The function `f(x)` appears to measure the association of a word with different concepts. It returns a value between 0 and 1, where a value closer to 1 indicates a stronger association with the given concept.

- The words "lawyer" and "CPU" have very low values (0.0002), suggesting a low association with any specific concept.
- The word "stanza" has a higher value (0.0021), indicating a slightly stronger association with a particular concept than "lawyer" and "CPU".
- The words "Buckingham Palace" and "borrow" have higher values (0.0373 and 0.0223), indicating a moderate association with certain concepts.
- The words "pitcher" and "pawn" have even higher values (0.0272 and 0.0036), suggesting a stronger association with the underlying concept.
- The word "Michael Phelps" has a value of 0.5, indicating a significantly stronger association with a particular concept.
- Finally, the words "lens" and "camera" have values of 0.9959 and 0.9982, respectively, indicating an extremely strong association with a specific concept.

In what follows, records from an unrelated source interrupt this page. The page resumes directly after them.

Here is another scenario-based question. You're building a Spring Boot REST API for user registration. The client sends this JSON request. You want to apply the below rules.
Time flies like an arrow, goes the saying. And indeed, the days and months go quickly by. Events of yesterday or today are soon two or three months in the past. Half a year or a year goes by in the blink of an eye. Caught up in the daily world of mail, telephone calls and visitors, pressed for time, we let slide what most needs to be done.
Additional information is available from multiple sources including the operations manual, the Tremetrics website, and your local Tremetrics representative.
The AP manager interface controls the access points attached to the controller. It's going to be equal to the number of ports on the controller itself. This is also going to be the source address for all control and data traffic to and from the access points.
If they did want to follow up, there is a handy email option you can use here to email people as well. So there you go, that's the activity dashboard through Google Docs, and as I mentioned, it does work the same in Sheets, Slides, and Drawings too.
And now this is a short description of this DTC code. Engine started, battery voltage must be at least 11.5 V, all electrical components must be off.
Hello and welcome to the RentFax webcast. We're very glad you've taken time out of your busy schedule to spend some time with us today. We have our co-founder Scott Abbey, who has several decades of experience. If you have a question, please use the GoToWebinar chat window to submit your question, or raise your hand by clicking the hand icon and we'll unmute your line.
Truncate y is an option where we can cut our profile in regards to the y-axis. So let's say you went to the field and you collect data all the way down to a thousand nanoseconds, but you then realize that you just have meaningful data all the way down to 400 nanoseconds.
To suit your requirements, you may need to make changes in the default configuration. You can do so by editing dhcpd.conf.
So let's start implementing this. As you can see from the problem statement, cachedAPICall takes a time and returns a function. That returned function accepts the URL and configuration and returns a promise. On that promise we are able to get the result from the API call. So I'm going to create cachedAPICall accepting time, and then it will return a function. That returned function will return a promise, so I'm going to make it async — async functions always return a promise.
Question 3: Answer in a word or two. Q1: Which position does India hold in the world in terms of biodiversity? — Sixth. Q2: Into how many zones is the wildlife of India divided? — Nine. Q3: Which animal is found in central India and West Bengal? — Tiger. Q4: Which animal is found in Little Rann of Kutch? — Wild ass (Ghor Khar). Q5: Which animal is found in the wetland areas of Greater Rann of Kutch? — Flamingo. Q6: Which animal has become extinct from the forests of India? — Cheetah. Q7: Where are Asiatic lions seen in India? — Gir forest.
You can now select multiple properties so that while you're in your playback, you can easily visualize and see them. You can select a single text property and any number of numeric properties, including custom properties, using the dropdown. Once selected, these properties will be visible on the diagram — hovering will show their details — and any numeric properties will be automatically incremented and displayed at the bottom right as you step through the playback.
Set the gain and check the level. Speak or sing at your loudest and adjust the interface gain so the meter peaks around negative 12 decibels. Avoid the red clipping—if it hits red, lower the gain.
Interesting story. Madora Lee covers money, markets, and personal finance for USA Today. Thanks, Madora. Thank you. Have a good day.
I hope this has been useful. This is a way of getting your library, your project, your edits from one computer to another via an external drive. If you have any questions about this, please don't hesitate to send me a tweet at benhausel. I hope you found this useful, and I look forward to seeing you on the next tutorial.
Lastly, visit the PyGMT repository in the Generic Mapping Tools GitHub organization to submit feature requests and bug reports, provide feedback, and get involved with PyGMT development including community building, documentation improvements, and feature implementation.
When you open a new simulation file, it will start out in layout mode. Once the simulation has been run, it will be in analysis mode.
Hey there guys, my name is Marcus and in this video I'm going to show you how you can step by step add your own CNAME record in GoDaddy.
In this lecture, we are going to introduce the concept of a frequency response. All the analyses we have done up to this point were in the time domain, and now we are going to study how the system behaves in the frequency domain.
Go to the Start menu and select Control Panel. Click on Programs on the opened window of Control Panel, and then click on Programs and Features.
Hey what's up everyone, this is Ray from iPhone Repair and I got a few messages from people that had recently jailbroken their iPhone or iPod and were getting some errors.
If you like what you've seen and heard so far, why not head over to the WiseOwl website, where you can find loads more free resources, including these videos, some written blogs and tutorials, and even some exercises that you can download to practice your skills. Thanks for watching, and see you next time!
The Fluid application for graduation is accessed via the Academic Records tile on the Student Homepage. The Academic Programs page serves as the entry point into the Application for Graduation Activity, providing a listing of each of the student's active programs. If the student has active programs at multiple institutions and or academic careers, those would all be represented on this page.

Based on this information, it seems that the function `f(x)` is selective for different concepts. The concept associated with each word varies in strength, ranging from a weak association (e.g., "lawyer" and "CPU") to a strong association (e.g., "lens" and "camera"). However, without further exploration or domain knowledge, it is challenging to determine the exact concepts associated with each word.